PROBLEM DESCRIPTION
The data below contains pictures, which are to be skipped; the lines starting at the line with "Marilyn Monroe leggings." and ending at the line with "Toyota Avensis 1.8 Premium MS - 9" are to be output exactly, both ends included.

===== DATA PROVIDED

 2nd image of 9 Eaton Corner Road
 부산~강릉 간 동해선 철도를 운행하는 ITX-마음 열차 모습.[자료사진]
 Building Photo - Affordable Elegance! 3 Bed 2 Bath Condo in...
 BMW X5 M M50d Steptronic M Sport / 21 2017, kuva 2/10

==========
===== DATA PROVIDED

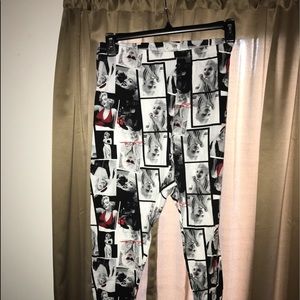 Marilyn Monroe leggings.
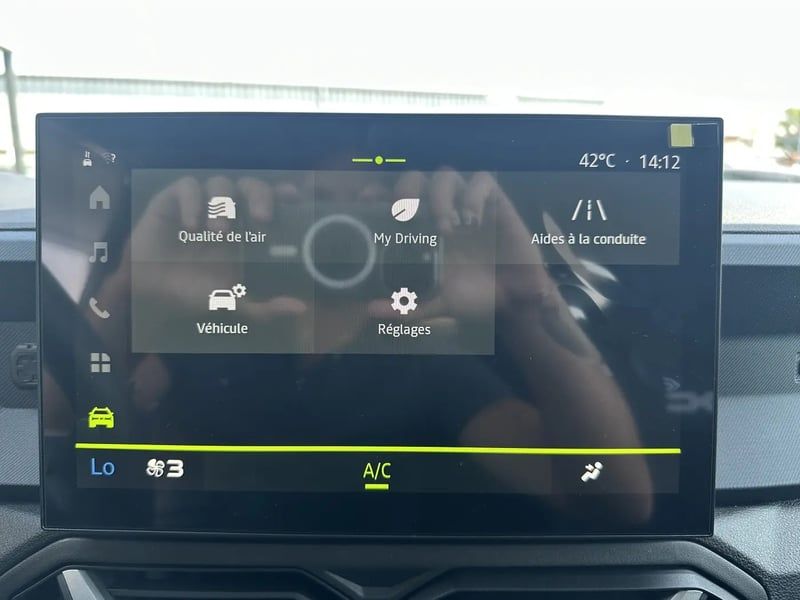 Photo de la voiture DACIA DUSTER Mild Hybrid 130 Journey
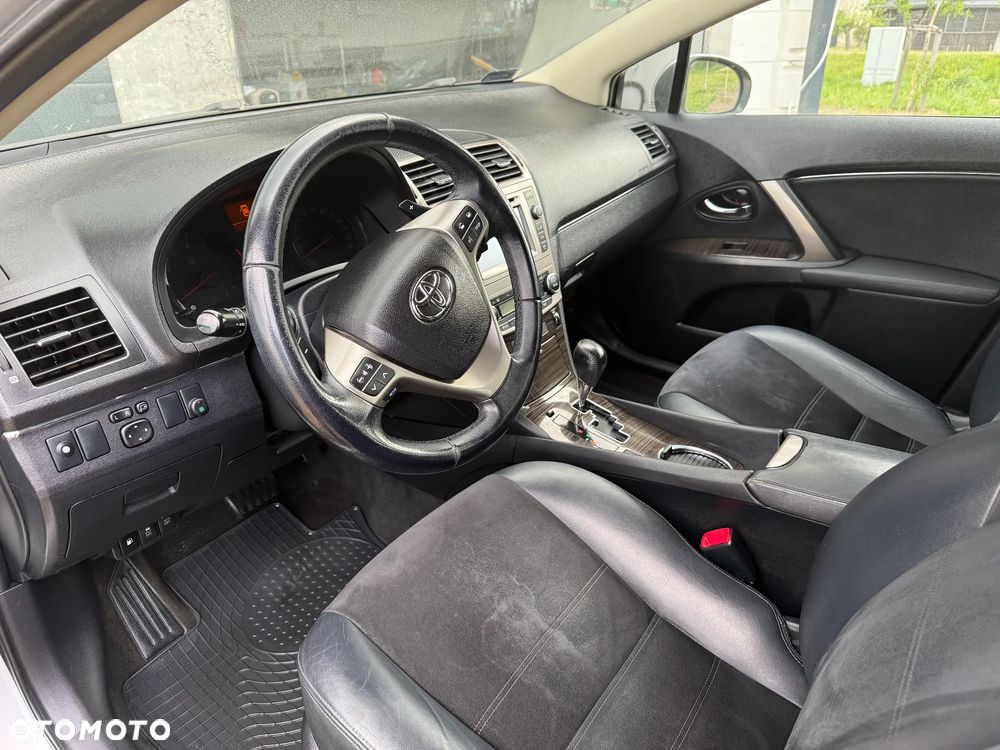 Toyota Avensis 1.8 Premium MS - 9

==========

WRITTEN ANSWER
 Marilyn Monroe leggings.
 Photo de la voiture DACIA DUSTER Mild Hybrid 130 Journey
 Toyota Avensis 1.8 Premium MS - 9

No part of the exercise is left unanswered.